さて、「シェイプ・オブ・ウォーター」演出のギレルモ・デル・トロは、「パンズ・ラビリンス (Pan's Labyrinth)」の成功以降、ハリウッドでわりと好きなものを撮れたり大作を任せられたりして逆に自分を見失ったようなところがあった。「パシフィック・リム (Pacific Rim)」「クリムゾン・ピーク (Crimson Peak)」も面白くなかったわけではないが、やはりデル・トロはもっと癖のある、キッチュで悲しい話の方がぴたりとはまる。


先頃発表のあったゴールデン・グローブ賞で見事監督賞を射止めたデル・トロは、自分は幼い頃は周囲に馴染めず、虫やロボットに逃避していたとスピーチしていたが、さもありなんと思う。そのデル・トロが、「パシフィック・リム」のロボット、「クリムゾン・ピーク」のゴーストに続いて (ここにTVの「ザ・ストレイン (The Strain)」のゾンビあるいは細菌を入れてもいいかもしれない) 今回提出するのは、半魚人だ。


デル・トロにはなんとかして漆原友紀の「蟲師」を映像化してもらいたい、舞台は別に必ずしも日本でなくてもいいと希望している私としては、ああまた虫じゃなかったか、残念という気持ちが半分、半魚人というまたまた新しいジャンルの登場に興奮も半分というのが、見る前の気分だった。

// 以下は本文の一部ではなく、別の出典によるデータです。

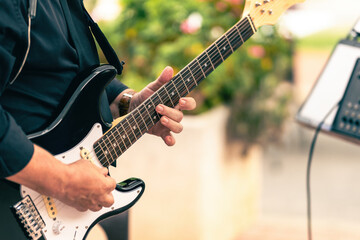 Obraz premium Close up view of a musician playing a electric guitar in a live concert outdoors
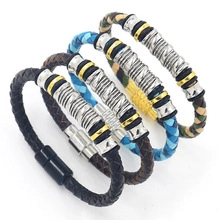 Macro shot of four braided leather bracelets in black, brown, blue, and camo with magnetic clasps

いずれにしても異形の者だ。


主人公のイライザは、自分も発話障害を持っていることもあり、虐げられる半魚人に感情移入する。半魚人はどうやら知性を持っているらしく、段々とイライザとコミュニケイションをとれるようになる。しかも最初は虐げられている半魚人に対する興味や同情、憐れみだったものが、コミュニケイションをとることによって、徐々に愛情めいたものに変化していく。実は「シェイプ・オブ・ウォーター」は、「リトル・マーメイド」、「人魚姫」の逆ヴァージョンであったことが知れる。


アンデルセンの童話やディズニー・アニメで人間と人魚が恋をするというのは、文字やアニメーションの世界でなら問題なく楽しめる。存分に想像の世界に浸れるからだ。それが実写になると苦しいのは言うまでもない。目の前の尾ひれや鱗のある生物に恋愛感情を持つというのは難しいだろう。


あるいはダリル・ハンナの「スプラッシュ (Splash)」という例もないではなく、Netflixが実写版「ザ・リトル・マーメイド (The Little Mermaid)」を製作中という話も聞く。CG技術の発展で今後えぐくない人魚が上手に描かれるようになれば、実写人魚も定着するかもしれない。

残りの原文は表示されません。